As I’ve mentioned before, often in Canadian film and TV, lead roles don’t go to Canadian actors, but imported “stars”. But what makes this ironic from my point of view is that, because I watch a lot of Canadian productions, these days I often find I only can identify the imported American actor…because I have no idea who they are! I recognize the Canadian cast surrounding them, but the central, unknown face I can guess must be the supposed “celebrity” brought in. And this relates to my point about how our familiarity with an actor can influence our perception of them. Because in some cases (though certainly not all) I’ll see such actors and find they give mediocre performances that drag down the film. Yet then I’ll read some reviews on, say, the IMDB, where fans will gush about how brilliant the lead actor was and how they were so much better than the (to the poster) unknown Canadian cast surrounding them. And, of course, such posters are usually fans of the actor in question and remember them affectionately from whatever short lived TV series first brought them fame.

So who’s right and who is wrong? Well, obviously…it’s my blog, so I’m right. (Just kidding).

But just as I freely admit there are Canadian movies where the imported “star” is great and appealing and really makes the role, I can also point to plenty of others where the lead role went to some imported quasi-celebrity and watching the movie I can easily name five different Canadians who could’ve been cast instead and might actually have saved the production. But they weren’t cast because they weren’t famous enough, they weren’t enough of a “star”.

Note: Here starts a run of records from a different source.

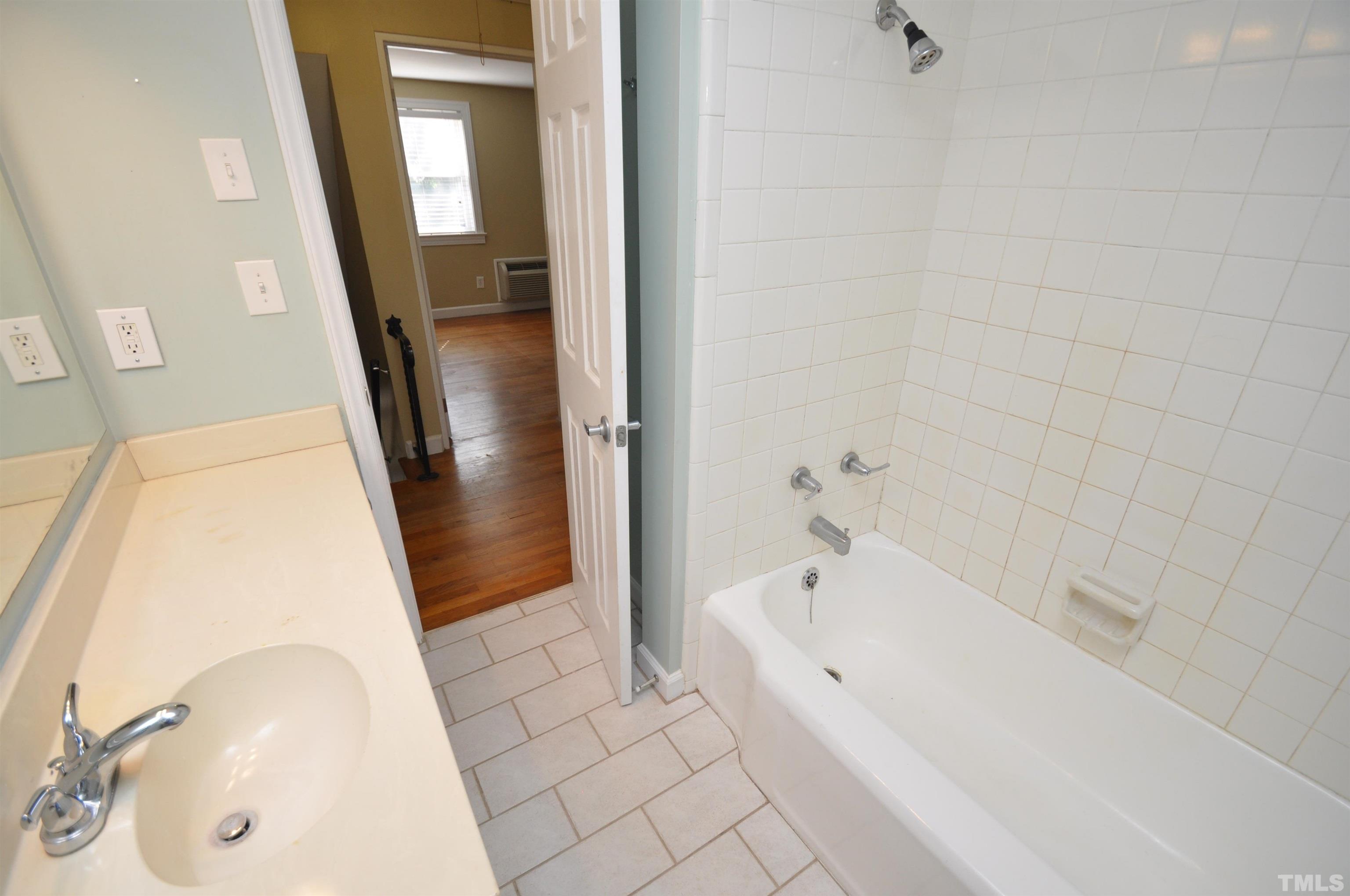1603 Sutton Drive, Unit 2 Raleigh, NC 27605 - Photo 12 of 22 a bathroom with a tub sink and a mirror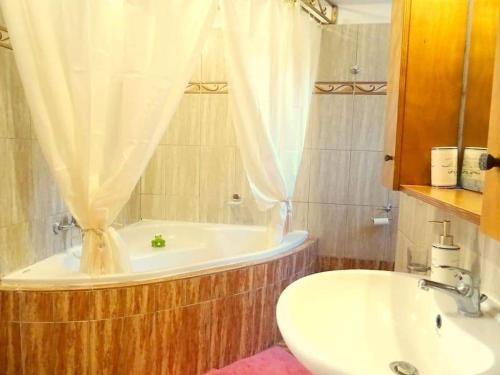帕拉代西翁Cozy apartment in Paradisi的带浴缸和盥洗盆的浴室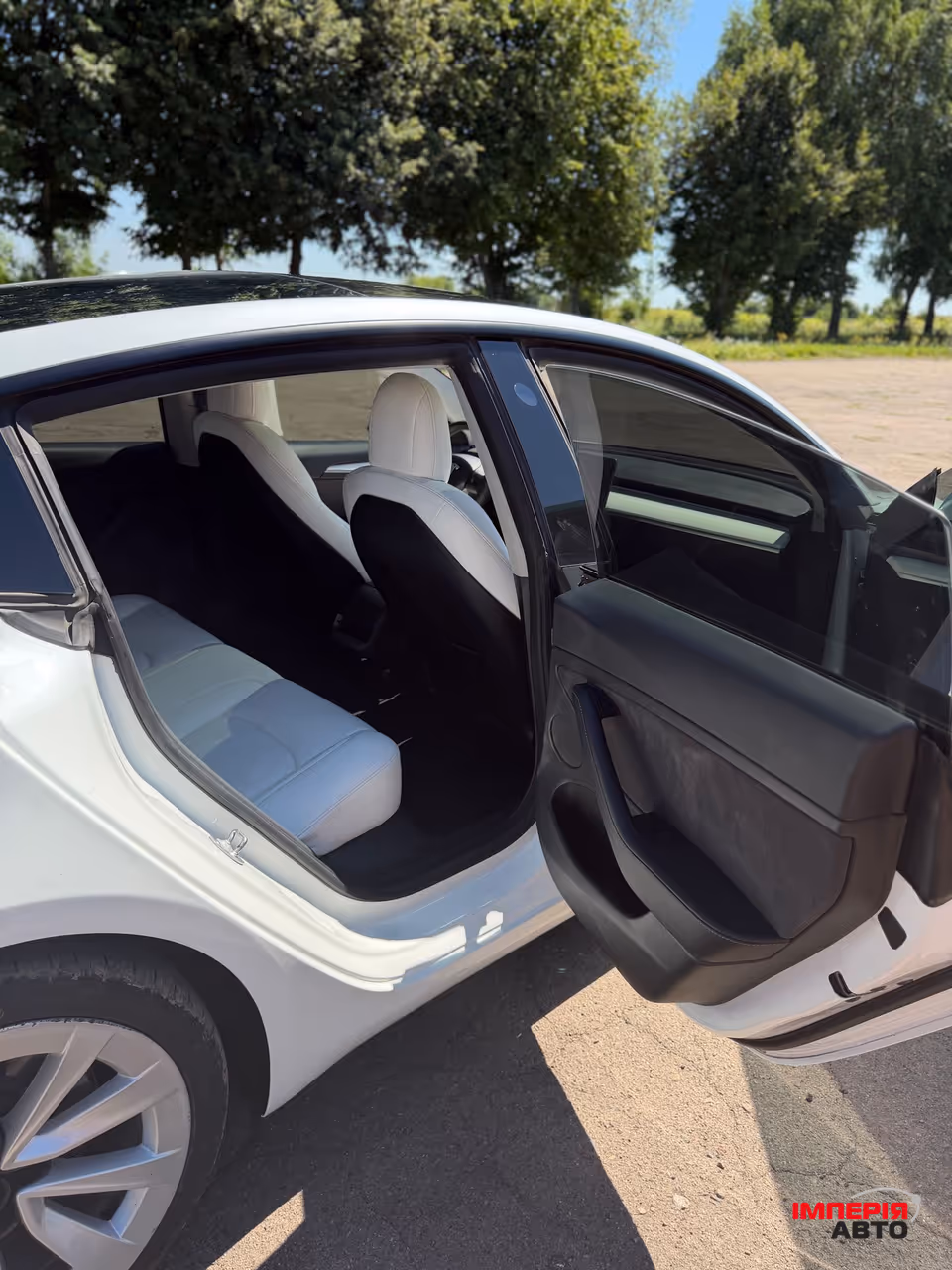 Tesla Model 3 - фото 19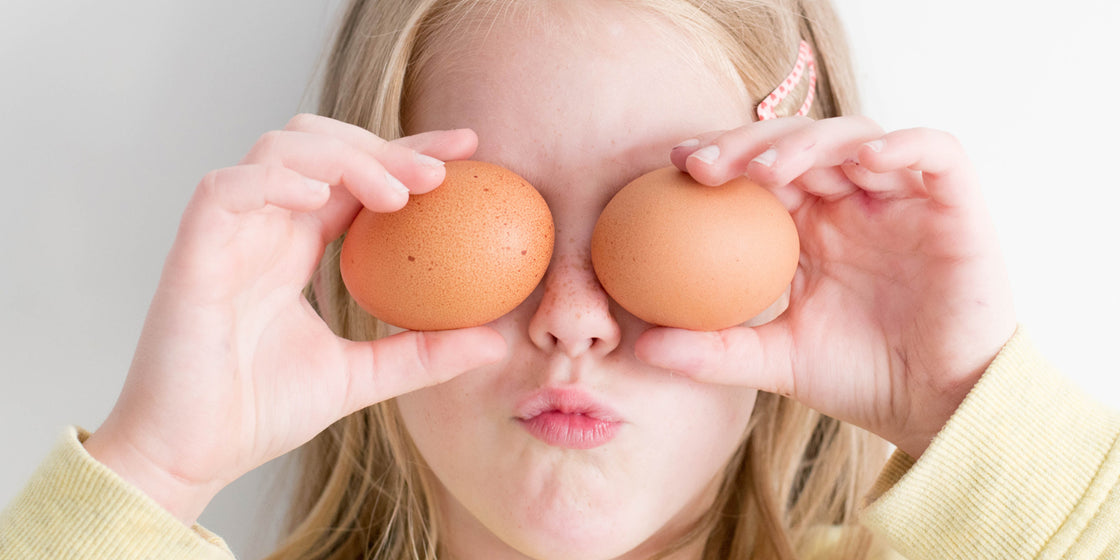 a-girl-holding-two-eggs-up-to-her-eyes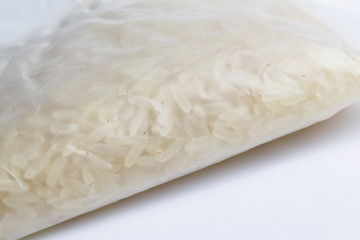 A bag of rice for instant cooking on a white background.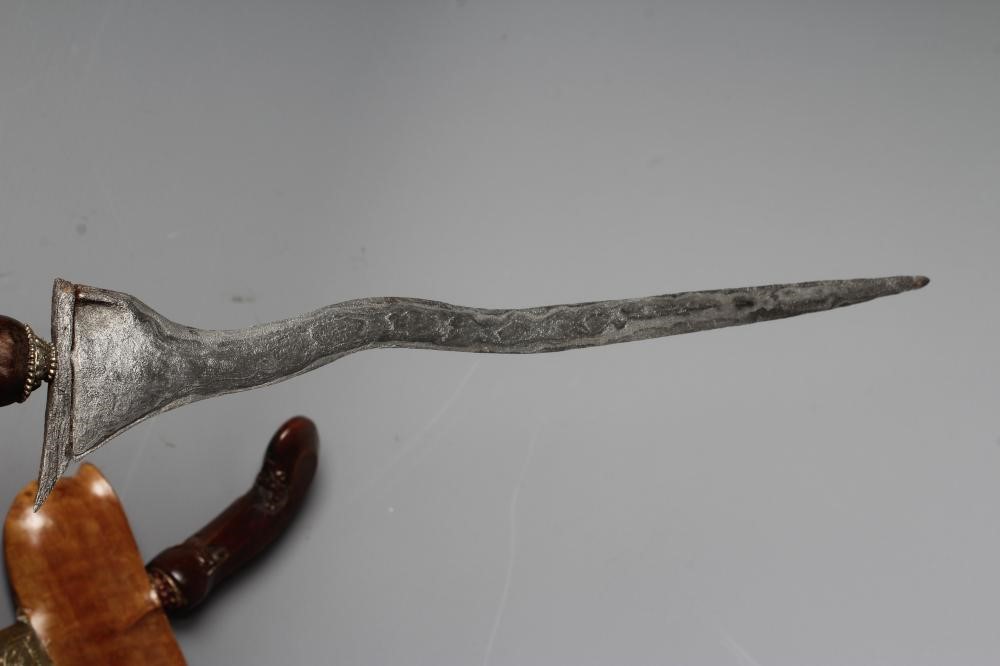THREE INDONESIAN KRIS DAGGERS with shaped and laminated steel blades, carved grips and typical two Image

A funny little anecdote that comes to me involves the recent U.K./Canada TV series, Camelot. It was basically a U.K. production where, I think it’s safe to say, the Canadian actors were thrown in only grudgingly by the British producers to shut up their Canadian partners. Peter Mooney had the biggest part of any Canadian, cast as King Arthur’s brother Kay (and in Arthurian mythos, let’s just say Kay action figures would probably be the one’s still on the shelf on Christmas Eve). One can’t help thinking the British producers basically cast their token Canadian actor…in the role they didn’t figure was important. So then I thought it was funny to come upon an entire message board thread (at the IMDB) of viewers saying they felt Mooney would’ve made a better, more dynamic Arthur than the series’ star, Jamie Campbell Bower. Now, obviously — that doesn’t mean anything. Bower was cast because he embodied the vision of Arthur the filmmakers wanted to present, and he did what was required. Nor am I suggesting the series would have necessarily performed better with Mooney in the lead. What I am saying, given my recurring themes, is there’s an irony in Mooney being cast, presumably as part of a production quota, and wouldn’t have been considered at all otherwise because he was Canadian and not “famous”…and then at least some people (a large group or small) felt he basically stole the scenes from the star.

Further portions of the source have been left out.